Faraday’s Anti-Clerical Automaton

Libia [pseudonym], “The Principles of Nature: Wonderful Invention, a Talking and a Thinking Machine,” Spiritual Telegraph (New York), March 3, 1855.

The above machine being exhibited and experimented upon by Sir M. Faraday, at a meeting of the Royal Society, January 18th, 1855, we will endeavor to give a general description of the same.

Suffice it to say, that Sir M. Faraday had been solicited to describe this machine, or these automatons, in the fall of 1854, by most of the scientific and literary gentlemen then residing in London.

This was done on condition that the same should be kept secret until the inventor be ready to make it known publicly.

The audience before him was not only composed of the above-named gentlemen but also of the Queen, Prince Albert, and Cabinet, the bishops of London, Canterbury, and Winchester, together with a large number of aristocracy and clergy.

At a reading-desk near the upper end of the lecture-room, sat a figure, like a man, in a plain but fashionable dress, apparently in deep thought. In the orchestra sat four figures, two like females, and the other two like males.

Sir M. Faraday then gave the audience a minute description of these automatical machines, which would be tedious were I to give it in detail.

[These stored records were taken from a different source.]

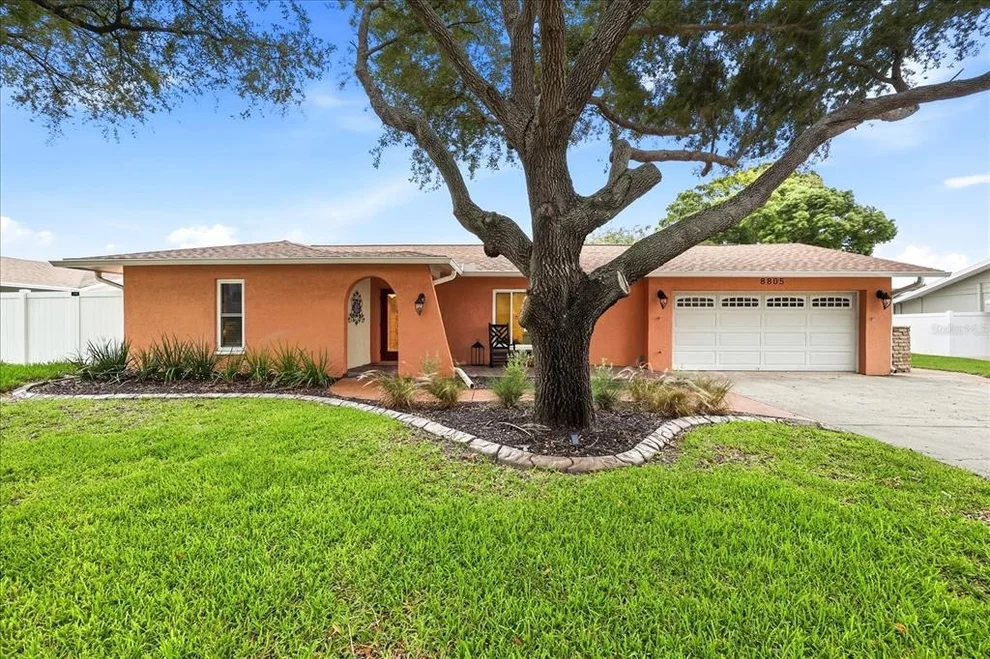 Unit for sale at 8805 KENWOOD ROAD, SEMINOLE, FL 33777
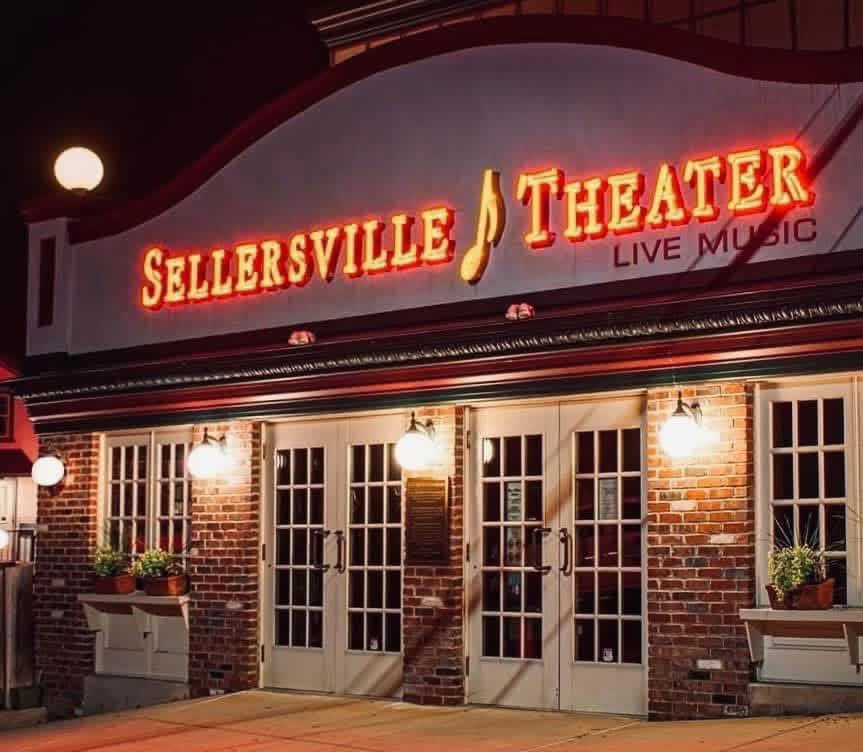 SmithereensHQ's tweet photo. 11/7 PENNSYLVANIA &amp; NEW JERSEY!
The @Smithereenshq proudly return to the @SellersvlleThtr  in Sellersville, PA, on Sat, Nov 7. With guest vocalist John Cowsill. 
Presented by @WXPN and Sponsored by Michael &amp; Arlene Rosol. 
🎟️ https://t.co/C3mVPReDtV 
#sellersvilletheater #wxpn https://t.co/b229gNvxOJ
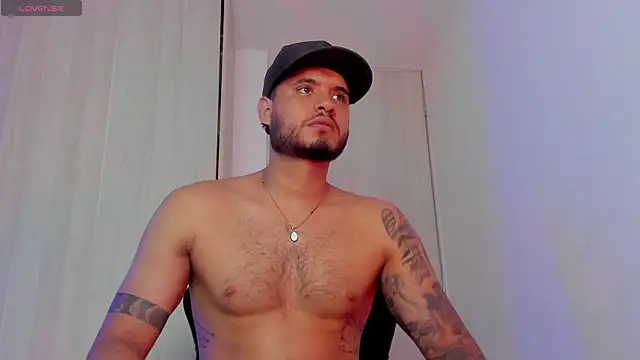 AUSTINN_TORRES Adlı Modelin Web Kamerası Şovu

As a basis for the wonderful phenomena he was about to explain to his hearers, he should adopt the following new but simple theory of electricity.

That electricity is an elementary principle pervading all matter; that its various phenomena are produced by the various physically constituted agents in which it resides, actively and passively, and upon or through which it vibrates dynamically.

He then gave a concise history of electricity, galvanism, etc., etc., from the earliest ages down to the present time, and concluded the historical part by saying, that although much had been done by the aid of these sciences, it would appear as nothing when compared with the future. “I believe,” said he, “the time will come that these chemical and these philosophical principles and agents will be so well understood in their application and operations upon the physical and mental properties of man, that by an electric and magnetic sympathy they will be able to converse with each other from one side of the Atlantic to the other, without the use of the present batteries or conducting wires. That I do not too highly color this picture, will be clearly shown by the experiments I now intend to perform before you.”

He then described a small galvanic battery, about the size of a quart measure, with four compartments. To each compartment were two wires attached, called the positive and negative poles. These wires were continued under the floor to the feet of the automaton in the reading-desk, who sat upon a chair, composed of copper and zinc, being perfectly insulated by four three-inch glass globes.

Then showed us a similar battery and similar wires, which he said were connected with the automatons in the orchestra; these he termed his choir, and the gentleman in the reading-desk his lecturer or preacher. “The sciences,” he observed, “had done much for the arts and manufactures, but little for the development of the MIND.”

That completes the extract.